On this basis, generate a column chart. The obtained graph is just a histogram.
Interpretation of the histogram – Gaussian curve, variability, shape, evaluation of the ability of the process
Based on the generated histogram you can draw many conclusions, you just need to know the basics of the interpretation of this chart.
On histograms 1 and 2, a Gaussian curve (red line) is marked, i.e. a line representing the normal distribution of the examined quantity. Thanks to this, you can analyze in a visual way, among others changeability of the features that interest us.
So, as for the degree of variability of the measured diameter [mm] in the example, it is bigger in the 2nd case. This is evidenced by the width of the histogram (compare the width of the Gaussian curve in histogram 1 and 2).
The first example also contains an interesting element, namely one of the measurement points deviates significantly from the others. Analyzing this case, do not take this measurement into account, because it is the so-called special effect, i.e. a measurement that can be affected by an error.
The shape of the Gauss curve also says a lot about the process or the size we measure. The narrower the curve, the smaller the standard deviation. In practice, this means that the measured quantity, even in the case of certain deviations, has a greater chance of “fitting in” within the tolerance of the given process.
On this basis, the process capability is assessed (Cp, Cpk). More specifically, this topic will be described in the article on 6 sigma.
Where is the histogram applicable? Benefits
A histogram prepared on the basis of the data we are interested in provides us with information about what type of statistical distribution we are dealing with.
Great use is found in quality. Based on it, the process capability is assessed, experiments are planned, and the impact of some factors on the process is analyzed.

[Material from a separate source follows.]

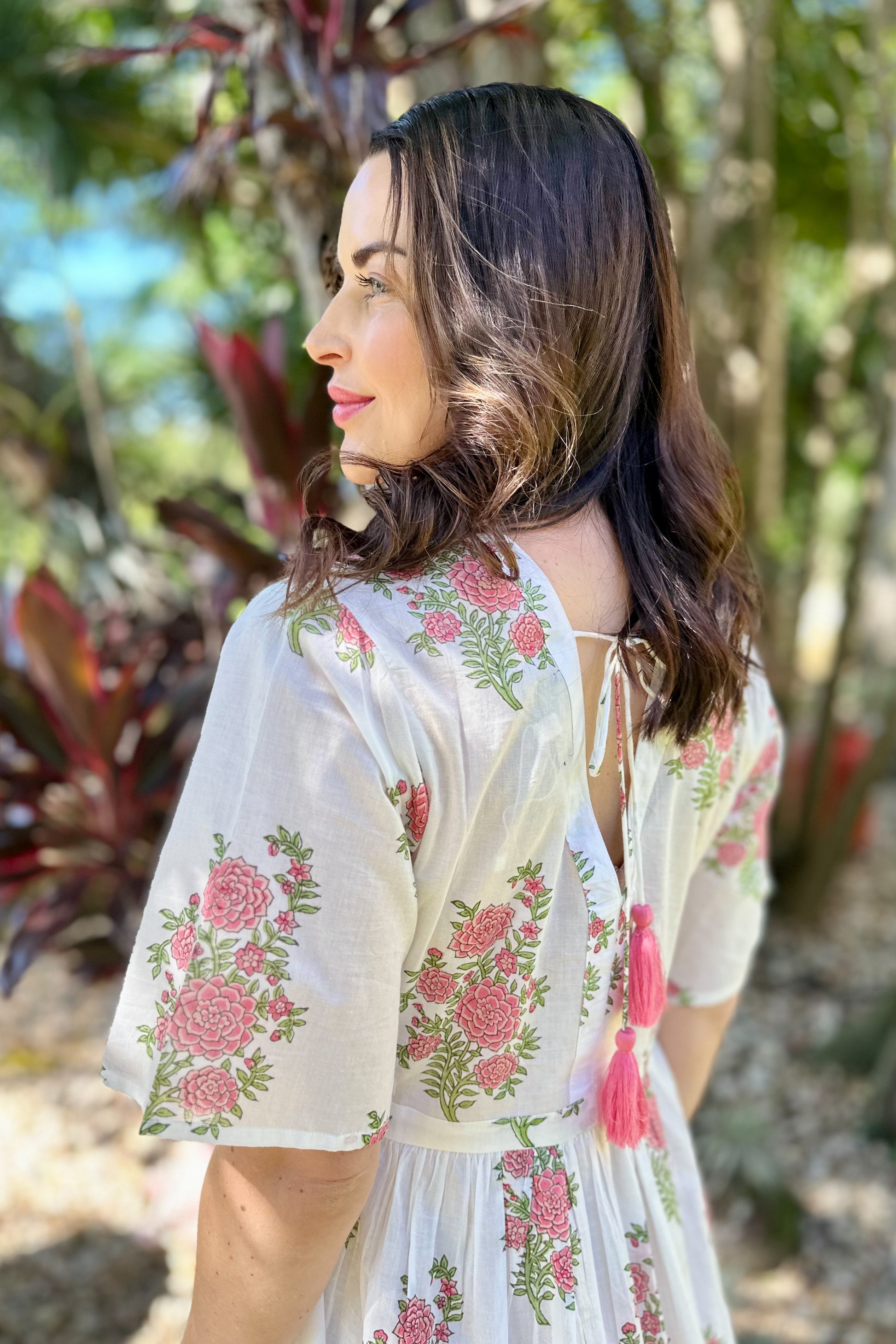 Tulsi Dress In Pink Posy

The use of histogram and statistical methods is enormous and also concerns other areas of the organization’s functioning, not only production and quality. Business decisions, based on reliable data and statistical analyzes, usually bring tangible benefits.
Histogram in HR:
- Selection of potential candidates
- Assessment of employees’ competences
- Measurement of effectiveness: training, recruitment, incentive and bonus systems, employee assessment and employee initiatives
- Evaluation of communication channels (formal, informal) in the organization
- Evaluation of changes in organizational structures
Histogram in IT:
- Evaluation of the implementation of the new system
- Analysis of Helpdesk applications
- Measuring the effectiveness of IT processes
Histogram in Sales:
- Assessment of customer satisfaction
- Evaluation of sales competences
- Measuring the effectiveness of the sales department
- Assessment of complaints, non-compliance
What are the business benefits of using the use of a histogram?

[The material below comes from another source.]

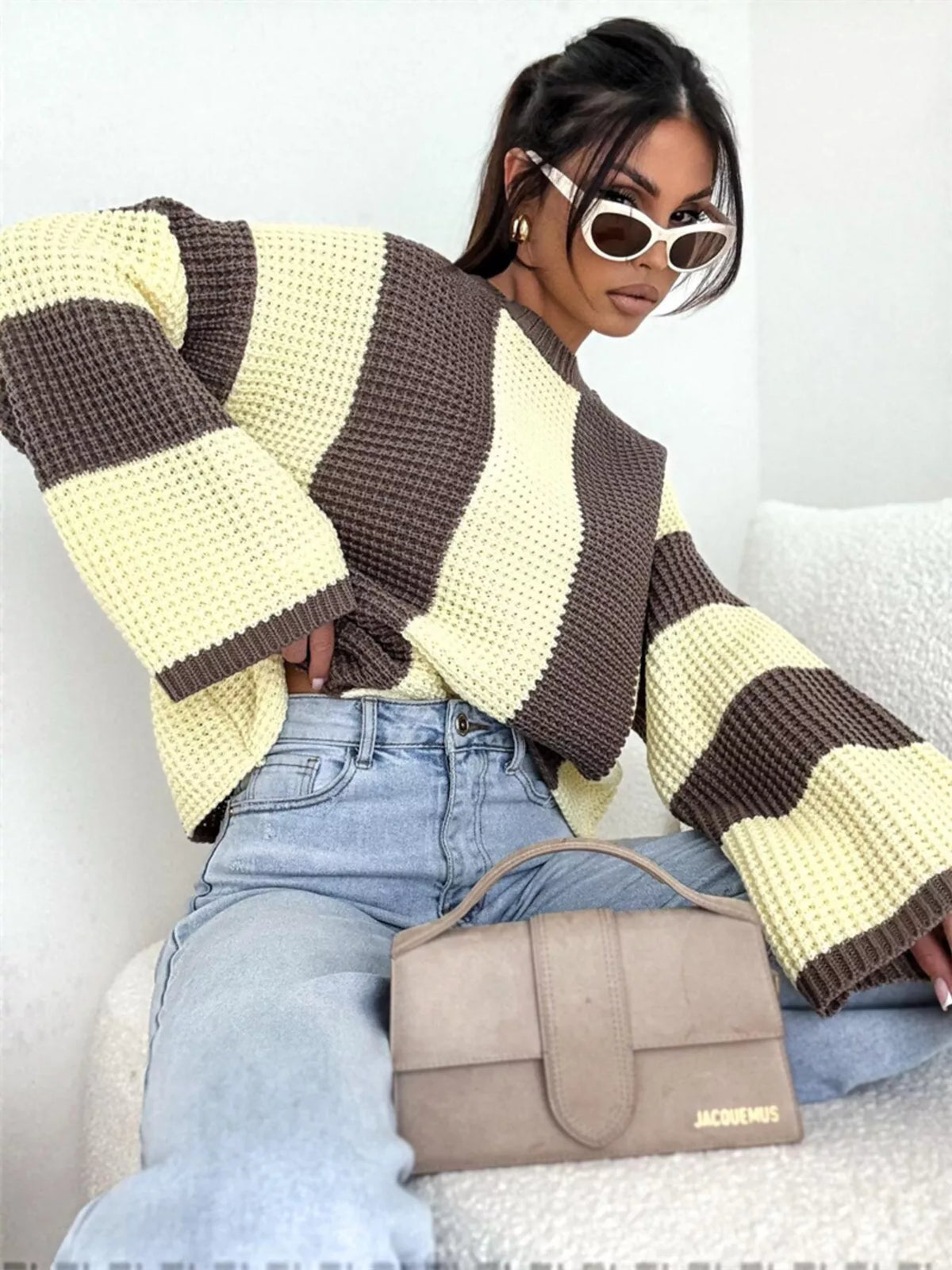 SoHo Statement Colorblock Sweater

By analyzing the histogram with the Gauss curve drawn, we can obtain important information about the subject under investigation. Any deviation from the normal distribution shape may suggest that:
- the study did not include any significant factor, which resulted in distorted results (for example: we examined the professional effectiveness of only newly employed employees, not all)
- we have studied a specific group where the level of interest is more than average (for example, engineers are characterized by a high level of analytical thinking)
The compatibility of the distribution of results with the Gaussian curve suggests that the sample we are looking at is representative and properly depicts the entire population. This means that our actions can be “targeted”, tailored to the business needs of the organization.
The histogram and normal distribution depicted by the Gaussian curve thus plays a key role in solving business problems by means of statistical analyzes. It can support other methods, such as DMAIC.
The knowledge we receive when analyzing the histogram is extremely useful in everyday business practice. Knowing the simple rules of its interpretation, we can properly formulate business questions, which in turn translates into a more accurate selection of actions aimed at achieving the assumed business goals.